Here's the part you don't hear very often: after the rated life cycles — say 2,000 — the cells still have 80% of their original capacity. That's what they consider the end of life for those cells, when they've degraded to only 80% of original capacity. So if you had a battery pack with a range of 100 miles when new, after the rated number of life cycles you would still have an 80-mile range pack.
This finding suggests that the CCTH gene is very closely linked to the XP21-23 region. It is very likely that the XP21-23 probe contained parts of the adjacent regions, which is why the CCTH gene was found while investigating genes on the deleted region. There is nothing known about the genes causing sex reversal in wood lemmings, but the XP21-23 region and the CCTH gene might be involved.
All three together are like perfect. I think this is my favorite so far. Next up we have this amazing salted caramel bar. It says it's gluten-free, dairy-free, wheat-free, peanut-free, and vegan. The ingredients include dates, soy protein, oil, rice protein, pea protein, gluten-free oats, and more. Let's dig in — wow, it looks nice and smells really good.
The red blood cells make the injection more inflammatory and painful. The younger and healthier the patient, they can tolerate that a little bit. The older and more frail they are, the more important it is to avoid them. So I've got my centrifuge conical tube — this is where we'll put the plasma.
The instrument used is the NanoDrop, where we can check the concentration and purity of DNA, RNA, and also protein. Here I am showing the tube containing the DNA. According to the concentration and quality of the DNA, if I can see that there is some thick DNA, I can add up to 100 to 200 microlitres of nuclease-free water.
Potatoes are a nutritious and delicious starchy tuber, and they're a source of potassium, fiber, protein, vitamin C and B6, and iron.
--
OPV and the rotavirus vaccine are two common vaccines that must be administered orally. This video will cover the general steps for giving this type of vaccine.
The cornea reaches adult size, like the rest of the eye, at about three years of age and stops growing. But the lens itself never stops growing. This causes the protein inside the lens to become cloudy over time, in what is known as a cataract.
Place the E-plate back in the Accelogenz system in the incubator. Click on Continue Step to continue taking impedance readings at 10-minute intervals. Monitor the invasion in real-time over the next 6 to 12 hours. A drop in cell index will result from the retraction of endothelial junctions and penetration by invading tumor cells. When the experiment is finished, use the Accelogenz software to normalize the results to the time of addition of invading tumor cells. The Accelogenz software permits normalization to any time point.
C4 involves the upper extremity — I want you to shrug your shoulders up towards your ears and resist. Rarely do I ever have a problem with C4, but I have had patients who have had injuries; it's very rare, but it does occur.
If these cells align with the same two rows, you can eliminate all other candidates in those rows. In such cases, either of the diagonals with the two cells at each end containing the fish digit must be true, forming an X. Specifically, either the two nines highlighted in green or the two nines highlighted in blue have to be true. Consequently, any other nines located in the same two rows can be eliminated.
---
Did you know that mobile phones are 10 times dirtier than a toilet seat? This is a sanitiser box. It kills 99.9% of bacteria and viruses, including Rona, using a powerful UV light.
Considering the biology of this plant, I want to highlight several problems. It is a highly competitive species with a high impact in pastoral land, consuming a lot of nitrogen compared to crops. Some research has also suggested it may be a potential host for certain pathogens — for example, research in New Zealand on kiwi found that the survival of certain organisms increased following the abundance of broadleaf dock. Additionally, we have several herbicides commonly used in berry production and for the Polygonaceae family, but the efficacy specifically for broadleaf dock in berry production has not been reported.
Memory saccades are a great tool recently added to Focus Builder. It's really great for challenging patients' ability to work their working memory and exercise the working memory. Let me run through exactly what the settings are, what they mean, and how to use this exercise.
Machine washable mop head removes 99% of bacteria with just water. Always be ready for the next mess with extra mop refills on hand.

**Your assignment:** Print exactly the lines above, between the one holding "Did you know" and the one holding "Considering the biology", inclusive, and nothing besides.

**Expected answer:**
Did you know that mobile phones are 10 times dirtier than a toilet seat? This is a sanitiser box. It kills 99.9% of bacteria and viruses, including Rona, using a powerful UV light.
Considering the biology of this plant, I want to highlight several problems. It is a highly competitive species with a high impact in pastoral land, consuming a lot of nitrogen compared to crops. Some research has also suggested it may be a potential host for certain pathogens — for example, research in New Zealand on kiwi found that the survival of certain organisms increased following the abundance of broadleaf dock. Additionally, we have several herbicides commonly used in berry production and for the Polygonaceae family, but the efficacy specifically for broadleaf dock in berry production has not been reported.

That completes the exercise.